SUPPLIED ENTRIES:

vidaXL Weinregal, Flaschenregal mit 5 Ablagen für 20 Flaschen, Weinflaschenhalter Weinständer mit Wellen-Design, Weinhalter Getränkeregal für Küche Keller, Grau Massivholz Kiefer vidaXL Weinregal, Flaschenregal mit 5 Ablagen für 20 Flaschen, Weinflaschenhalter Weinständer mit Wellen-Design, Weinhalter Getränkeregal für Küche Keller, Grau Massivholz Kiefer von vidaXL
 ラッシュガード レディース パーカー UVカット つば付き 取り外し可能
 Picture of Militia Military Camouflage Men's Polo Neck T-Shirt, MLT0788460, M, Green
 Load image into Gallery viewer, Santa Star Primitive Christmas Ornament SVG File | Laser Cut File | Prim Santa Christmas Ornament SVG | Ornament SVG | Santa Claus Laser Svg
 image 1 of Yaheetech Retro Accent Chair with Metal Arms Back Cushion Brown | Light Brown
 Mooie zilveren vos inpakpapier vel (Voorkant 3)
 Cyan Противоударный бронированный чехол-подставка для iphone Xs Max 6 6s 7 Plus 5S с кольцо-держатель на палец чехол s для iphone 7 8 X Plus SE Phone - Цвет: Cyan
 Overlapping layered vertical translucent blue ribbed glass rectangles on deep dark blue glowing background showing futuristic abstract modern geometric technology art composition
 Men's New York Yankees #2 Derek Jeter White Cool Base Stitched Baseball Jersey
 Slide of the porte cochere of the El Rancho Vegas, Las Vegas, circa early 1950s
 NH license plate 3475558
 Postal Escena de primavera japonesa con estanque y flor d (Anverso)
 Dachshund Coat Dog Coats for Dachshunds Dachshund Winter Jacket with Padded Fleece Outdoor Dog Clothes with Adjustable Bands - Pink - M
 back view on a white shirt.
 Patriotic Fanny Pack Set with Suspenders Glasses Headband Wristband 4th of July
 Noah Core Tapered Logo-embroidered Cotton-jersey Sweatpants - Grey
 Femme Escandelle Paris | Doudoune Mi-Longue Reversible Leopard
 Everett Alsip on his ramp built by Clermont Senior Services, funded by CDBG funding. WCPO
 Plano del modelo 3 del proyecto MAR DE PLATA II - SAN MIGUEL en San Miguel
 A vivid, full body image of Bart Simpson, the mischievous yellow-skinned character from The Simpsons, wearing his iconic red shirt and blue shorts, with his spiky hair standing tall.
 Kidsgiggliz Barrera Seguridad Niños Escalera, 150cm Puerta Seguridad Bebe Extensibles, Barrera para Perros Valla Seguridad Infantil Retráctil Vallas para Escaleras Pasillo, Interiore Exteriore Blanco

TASK DESCRIPTION:
Beginning at the line that holds "ラッシュガード レディース パーカー UVカット つば付き 取り外し可能", copy every line through the end of the entries exactly as given, and only those lines.

YOUR SOLUTION:
 ラッシュガード レディース パーカー UVカット つば付き 取り外し可能
 Picture of Militia Military Camouflage Men's Polo Neck T-Shirt, MLT0788460, M, Green
 Load image into Gallery viewer, Santa Star Primitive Christmas Ornament SVG File | Laser Cut File | Prim Santa Christmas Ornament SVG | Ornament SVG | Santa Claus Laser Svg
 image 1 of Yaheetech Retro Accent Chair with Metal Arms Back Cushion Brown | Light Brown
 Mooie zilveren vos inpakpapier vel (Voorkant 3)
 Cyan Противоударный бронированный чехол-подставка для iphone Xs Max 6 6s 7 Plus 5S с кольцо-держатель на палец чехол s для iphone 7 8 X Plus SE Phone - Цвет: Cyan
 Overlapping layered vertical translucent blue ribbed glass rectangles on deep dark blue glowing background showing futuristic abstract modern geometric technology art composition
 Men's New York Yankees #2 Derek Jeter White Cool Base Stitched Baseball Jersey
 Slide of the porte cochere of the El Rancho Vegas, Las Vegas, circa early 1950s
 NH license plate 3475558
 Postal Escena de primavera japonesa con estanque y flor d (Anverso)
 Dachshund Coat Dog Coats for Dachshunds Dachshund Winter Jacket with Padded Fleece Outdoor Dog Clothes with Adjustable Bands - Pink - M
 back view on a white shirt.
 Patriotic Fanny Pack Set with Suspenders Glasses Headband Wristband 4th of July
 Noah Core Tapered Logo-embroidered Cotton-jersey Sweatpants - Grey
 Femme Escandelle Paris | Doudoune Mi-Longue Reversible Leopard
 Everett Alsip on his ramp built by Clermont Senior Services, funded by CDBG funding. WCPO
 Plano del modelo 3 del proyecto MAR DE PLATA II - SAN MIGUEL en San Miguel
 A vivid, full body image of Bart Simpson, the mischievous yellow-skinned character from The Simpsons, wearing his iconic red shirt and blue shorts, with his spiky hair standing tall.
 Kidsgiggliz Barrera Seguridad Niños Escalera, 150cm Puerta Seguridad Bebe Extensibles, Barrera para Perros Valla Seguridad Infantil Retráctil Vallas para Escaleras Pasillo, Interiore Exteriore Blanco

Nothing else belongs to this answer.